In 1902, the Chequamegon Bay Transportation Company launched the Chequamegon. The newspaper proclaimed her arrival: “…the Chequamegon was launched last Saturday afternoon at Manitowoc and christened by the captain’s daughter, Miss Eva Turgeon. The steamer is said to cost $30,000 and will be a beautiful addition to the Chequamegon Bay fleet…The Chequamegon will go into the passenger and excursion business among the Apostle islands and will ply on the waters of Chequamegon Bay between Ashland and Bayfield, touching at Washburn and Madeline Island.” The boat was large: at 113 feet she could carry several hundred people. She was also luxurious. Her two cabins and dining room were outfitted in upholstered furniture, oak woodwork and electric lights. The ladies cabin on the upper deck even had a piano. She was said to “glide through the water like a swan.”
But the extravagant Chequamegon only worked for a couple of seasons, before the company replaced her with another well-appointed but smaller boat, the Skater. She was built especially for passenger traffic and was the last large vessel to operate out of Ashland on regular ferry runs.
The steamer Bruce ran on the Ashland to Bayfield route, with stops at Washburn, La Pointe and the other islands. She was rebuilt by the Woods family of Madeline Island, and renamed the Madeline. In 1932, she was leased to the Isle Royale Transit Company to make regular trips between Houghton and Isle Royale.

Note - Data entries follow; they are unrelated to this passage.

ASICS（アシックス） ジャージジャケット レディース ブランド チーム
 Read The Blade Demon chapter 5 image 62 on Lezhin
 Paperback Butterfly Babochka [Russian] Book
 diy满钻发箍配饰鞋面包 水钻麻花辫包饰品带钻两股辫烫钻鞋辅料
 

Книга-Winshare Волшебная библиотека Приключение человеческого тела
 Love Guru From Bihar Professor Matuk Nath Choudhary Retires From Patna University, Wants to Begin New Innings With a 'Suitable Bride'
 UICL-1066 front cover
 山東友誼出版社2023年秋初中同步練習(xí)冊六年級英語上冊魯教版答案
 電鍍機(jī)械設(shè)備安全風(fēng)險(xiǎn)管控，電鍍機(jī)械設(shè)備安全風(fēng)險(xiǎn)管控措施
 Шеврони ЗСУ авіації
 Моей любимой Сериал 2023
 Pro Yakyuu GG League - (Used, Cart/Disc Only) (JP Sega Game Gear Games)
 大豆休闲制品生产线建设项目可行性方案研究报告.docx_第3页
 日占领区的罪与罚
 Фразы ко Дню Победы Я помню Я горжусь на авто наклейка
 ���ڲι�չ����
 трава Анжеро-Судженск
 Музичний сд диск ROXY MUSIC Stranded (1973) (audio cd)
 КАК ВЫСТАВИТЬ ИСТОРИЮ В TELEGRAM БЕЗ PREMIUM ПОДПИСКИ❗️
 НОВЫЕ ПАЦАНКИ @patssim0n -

The ferry boat industry flourished in the early 20th century. In 1911, the Ashland City Directory listed three ferry lines: the Ashland and Washburn Ferry, the Chequamegon Bay Transportation Company, and the Peoples Ferry Line. During World War I, Captain John Doherty had to have help from his first mate in order to carry the daily silver money to the bank, from receipts on the Ashland to Washburn passenger route. During the season of 1917, over 68,000 passengers were carried between Ashland, Washburn, Bayfield and the Apostle Islands.
The 20th-century also brought something new that changed the way people lived their lives and moved themselves and things from one place to another. It was the automobile, and it affected the direction and appearance of the ferry boat industry on Chequamegon Bay.
The growth of the automobile industry led to the construction of road systems and dependable, affordable cars became the preferred means of transportation between the mainland towns of Ashland, Washburn and Bayfield. After centuries of use as primary transportation highways, the Chequamegon Bay water routes began to yield to land routes. Their diminution brought a decline in the ferry boat industry, until by 1940, only Bayfield and Madeline Island were linked by ferry service. The remaining ferry boats had changed in appearance because of the automobile. They were built not just to carry passengers, but to easily on and off-load motorized vehicles. Today, car ferries still run from Bayfield to La Pointe on the last of the area water routes.
Not every location offers the possibility of travel by water. However, on Chequamegon Bay, people have been able to “take the ferry” for nearly 150 years. When taking a ferry boat from Bayfield to La Pointe today, passengers become a part of the rich cultural history here: they share in the legacy of ferry boat service on Chequamegon Bay.